Um, what? That’s not true.
So, when you buy commission a desk, you choose to have it made so that it serves a practical purpose only, with no thought as to whether it can save your soul?
No wonder “craft” has become so constricted in its meaning-- mass production is so much cheaper.
Hm. This makes me want to look into NYC building codes, but I don’t have the time right now. Something just feels wrong here. Were regulations waived or loopholes exploited?
On a lighter sidenote - if you already have huge mounds lying around nothing speaks against putting stuff on top of them.
That must be the most German way of naming a tourist attraction…
When it was built, being able to look out broadly over ‘God’s Creation’ would have been a wondrous and rare thing.
Dang, I’d be really sorry if they shut the Vessel down, I really would like to visit. For no other reason that I love to scurry up and down, right and left and all over those kinds of spaces and structures, it must be my inner rat taking over - reason be damned.
As for the nature of the work, many posters here rightly point put that it’s badly placed and surrounded by ugly buildings and dangerous to boot, but if the owners ever decide to get off their butts and install proper protection, it could go on being an attraction, controversial as it is.
Regrettably, such buildings have a tradition for being shall we say unsafe: for years it’s been interdit to climb the Tour Eiffel’s exterior stairs, to my great regret. Here you can see them in all their twisting glory:
on peut toujours caresser un rêve…
“Fuckin’ Bruges!”
I love that movie!
“yous not goin up there, yous a fuckin elephant”*
Thank you! I sit corrected.
Absolutely, it does; since the days that man was still in caves, art has elevated us above lesser evolved animals.
Whether it’s ‘good’ or ‘bad’ art is relative to the beholder, but it DOES serve a valid purpose.
Life without higher pursuits like music and art is merely existence.
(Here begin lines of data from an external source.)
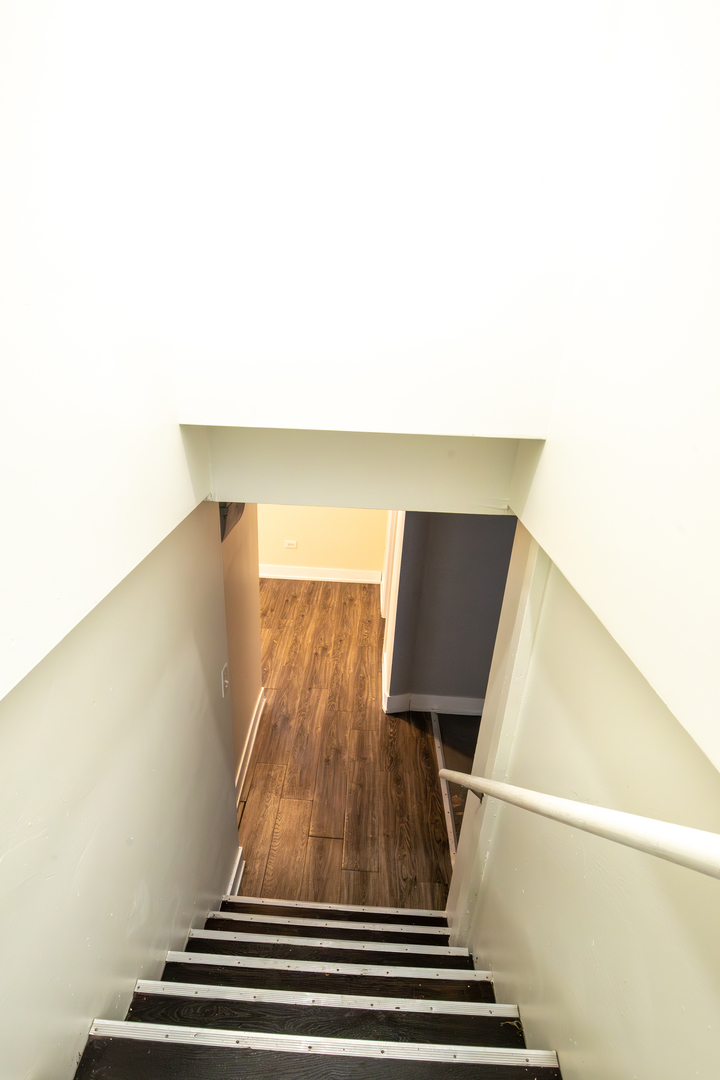 10005 S Calhoun Avenue, Chicago, IL 60617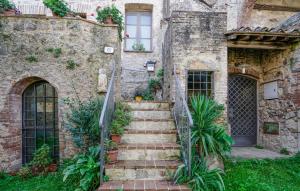 Awesome Apartment In Monticiano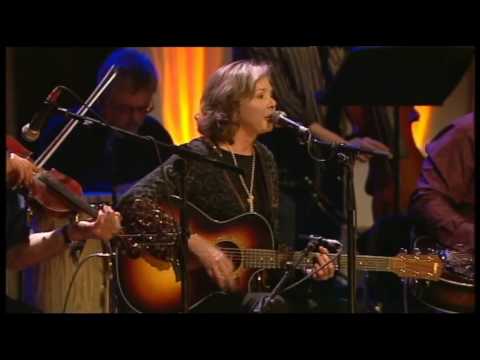 It's a Hard Life wherever you go - Nanci Griffith at Celtic Connections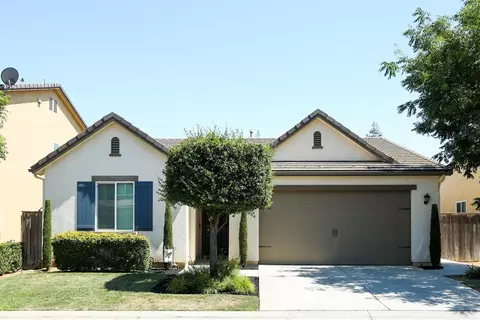 4188 Chessa Ln, Clovis, CA 93619 photo 1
Yeah, but you can still write on it. It has a practical purpose. To some that means, that the desk is craft, rather than art.
A meaningful distinction? Depends on the critic. The arts and crafts movement sought to blur the distinction or remove it entirely.
The argument that crafts are feminine, while arts are masculine seems to fall apart quite quickly.
Yes, it absolutely did, as basically all industrializing cities of the era did. Most regions of the city proper hit their peak population density in exactly that period. The population of the city exploded from about 1.6 million to 2.9 million between 1860 and 1920. Demographics of Paris - Wikipedia The tower avoided some of that critique because the site had previously been cleared for other uses, including an exhibitions, parade grounds, and gardens. Paris had just officially ended the Hausmann period (his plans continued for another few decades), so the disruption of the tower was comparatively small.
But not kneecaps. That could use a little less art and a little more craft, but that’s architects for you.
I’m only five foot one, like Uncle Iggy, so my little knees would be quite safe. Maybe Gaudi designed it for another shortarse woman.
I’d argue they sought to bring it back to what it was before industrialisation, when there was no such distinction being made.
Art being something distinct from craft is a paradigm that has only existed – if one wants to follow the Arts and Crafts understanding, and I’m inclined to do that – for maybe 200 years* out of all of humanity’s existence.
* I’m going for only 200 here because I’d argue that in the very beginnings of the Industrial Revolution there was still a lot of individualism in industry (as anyone looking at the Iron Bridge or at the early works of Wedgwood would attest to) and that, conversely, many artists still worked in the artist/craftsman paradigm.
The Curbed article posted by @jerwin discusses this.
The low railing height also reflects how the city’s building code might fail to regulate novel structures like the Vessel. In Department of Buildings filings, it’s described as an aerial walkway viewing platform. My review didn’t find any other projects described as such in New York City. (Readers, if you know of others, please get in touch). Unlike the observation decks at the Empire State Building and One World Trade Center, the Vessel is freestanding, so it was coded in the same category as amusement park rides, stadiums, and bleachers. But stadiums and amusement parks don’t allow people to free fall from great heights. In the case of the Vessel, the building code did not account for its unobstructed 150-foot-high drop to the ground below.